Visualizers are fine, but they shouldn't be taking one picosecond of time that Apple could be using to solve actual problems, that people other than stoned hippies actually care about, with the iTunes ecosystem.

It's a joke that, after almost a decade, iTunes still has no way to gracefully and simply manage music located on multiple drives. :mad: My whole collection won't come even close to fitting on my MBP drive, but I do want substantial parts of it with me on the road.

As features on features have been added, iTunes takes up hundreds of megabytes of RAM and has become very slow to launch. With my collection of about 17,000 items, it also gets unresponsive every now and then.

The App Store, especially the updater, is not stable.

There should be a reasonable way of managing classical tracks, for which the "artist -> album -> song" paradigm almost never makes sense.

iPod syncing should be a systemwide service. It makes no sense whatsoever to sync contacts or calendars in iTunes. For that matter, video should also be in a separate app.

All of this matters 25,000 times more than an idiotic visualizer.
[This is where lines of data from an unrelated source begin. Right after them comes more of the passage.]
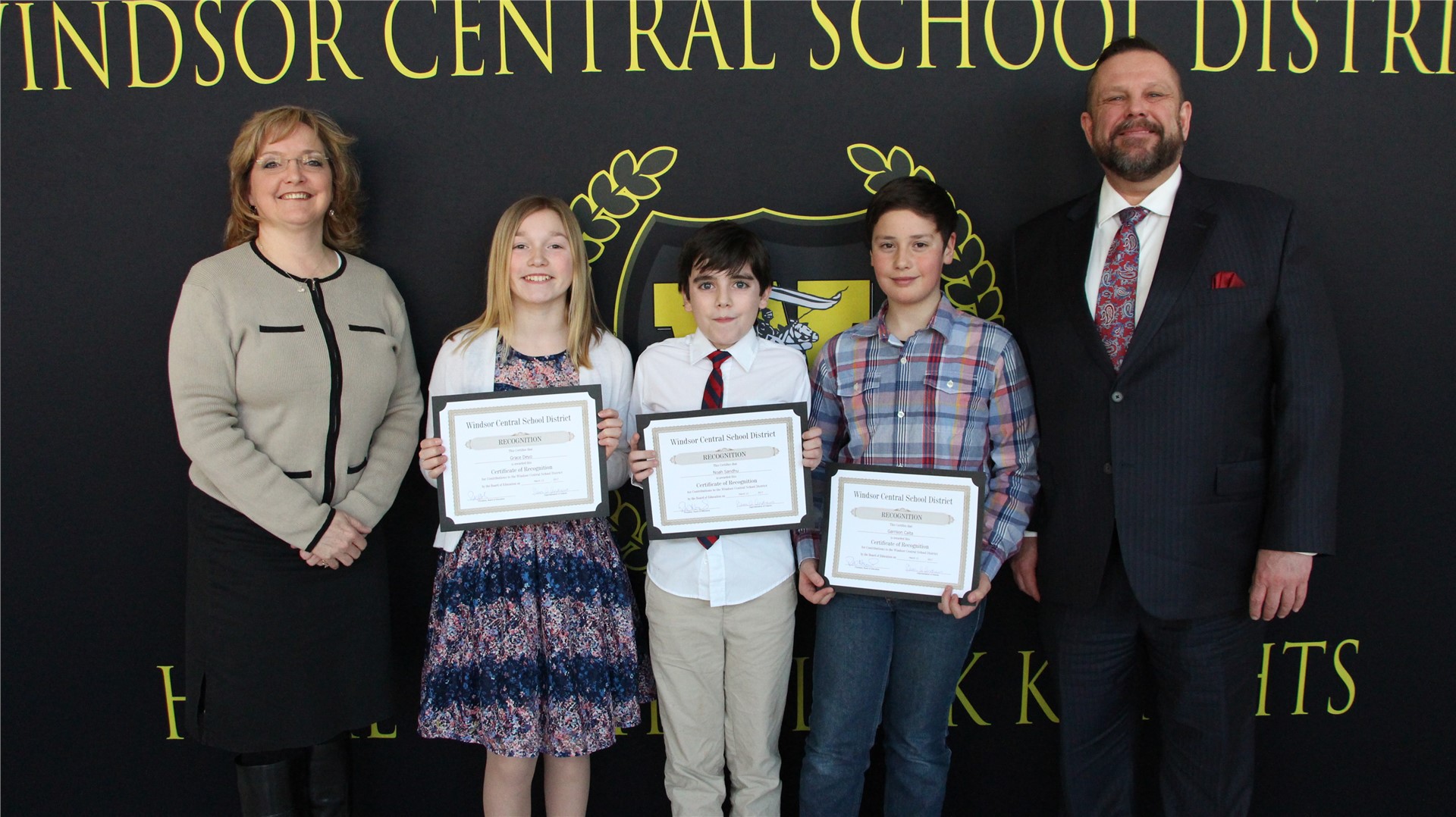 5th-grade students Garrison Calta, Grace Deyo, Sophia Chen and Noah Sandhu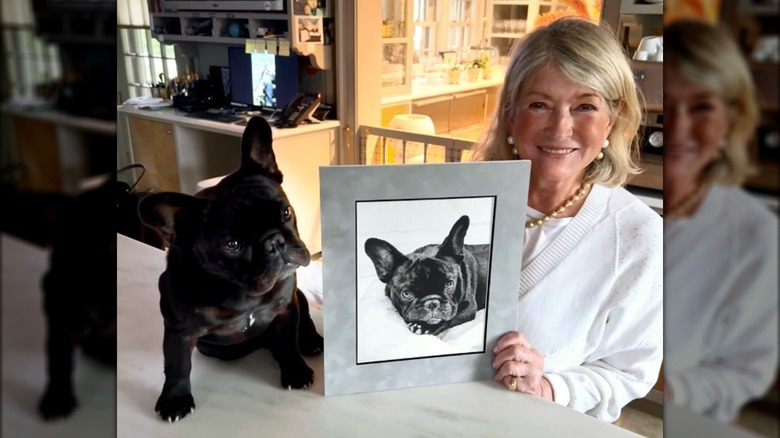 Martha Stewart poses alongside her dog Luna Moona holding an artwork of the dog.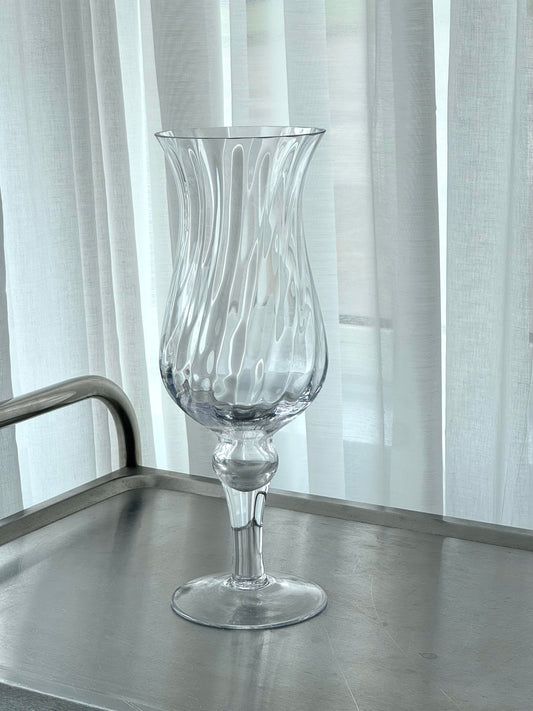 Swirling vase on foot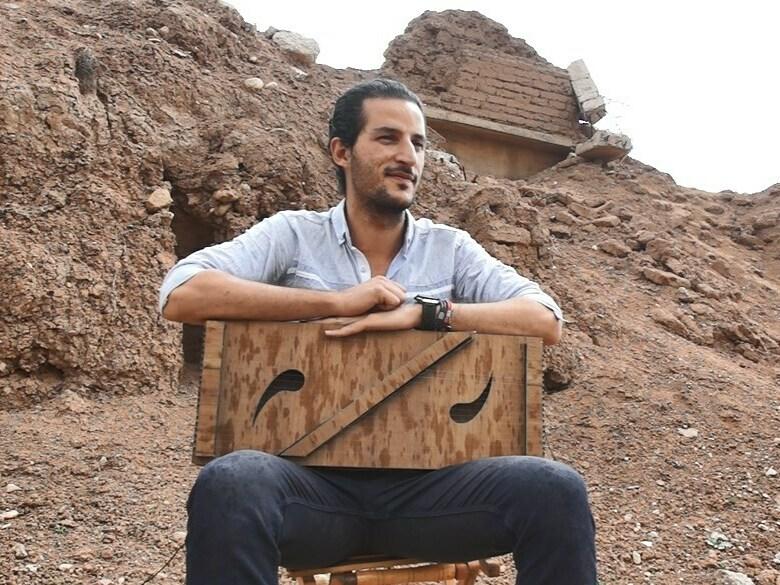 Mokdad with the instrument he invented, named 
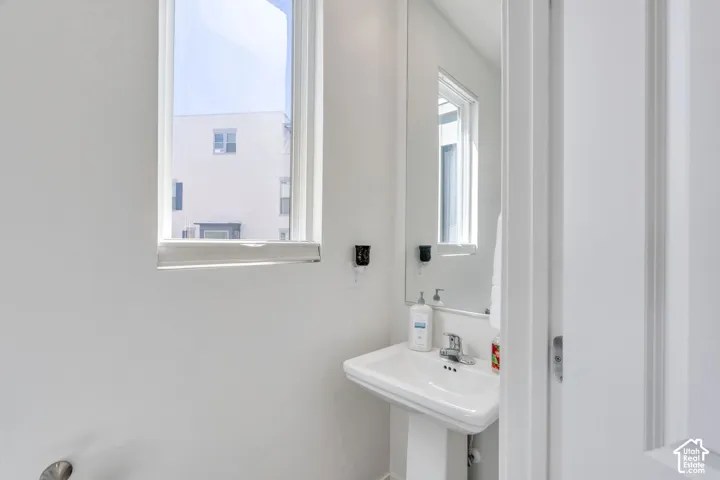 Pedestal sink with chrome faucet, a rectangular mirror, and a window with a roller blind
Come on, Apple.
 
If anyone else was wondering, the Magnetosphere (Hi-res QT version) song is Miss You by Trentemøller.

Can be found on Amazon's MP3 site or iTunes.
 
Bleh.

I'm not sure how many of you have used Winamp in the past, and of that group - how many actually knew how to set up all the free plugins that were available for it.

But this thing is a total yawn, if my pos Dell 1.4ghz laptop can render circles around this via Milkdrop (Winamp) - WTF is up with OSX? I expected orders of magnitude more than what we have.
:(
 
I'm not sure how many of you have used Winamp in the past, and of that group - how many actually knew how to set up all the free plugins that were available for it.

But this thing is a total yawn, if my pos Dell 1.4ghz laptop can render circles around this via Milkdrop (Winamp) - WTF is up with OSX? I expected orders of magnitude more than what we have.
:(
Imagine a 400 MHz K6-2 with a GeForce 2 running circles around iTunes with WinAmp visualizers. :rolleyes:
 
I'm not sure how many of you have used Winamp in the past, and of that group - how many actually knew how to set up all the free plugins that were available for it.

But this thing is a total yawn, if my pos Dell 1.4ghz laptop can render circles around this via Milkdrop (Winamp) - WTF is up with OSX? I expected orders of magnitude more than what we have.
:(

I'd like you to show me a WinAmp visualizer that's better than Magnetosphere.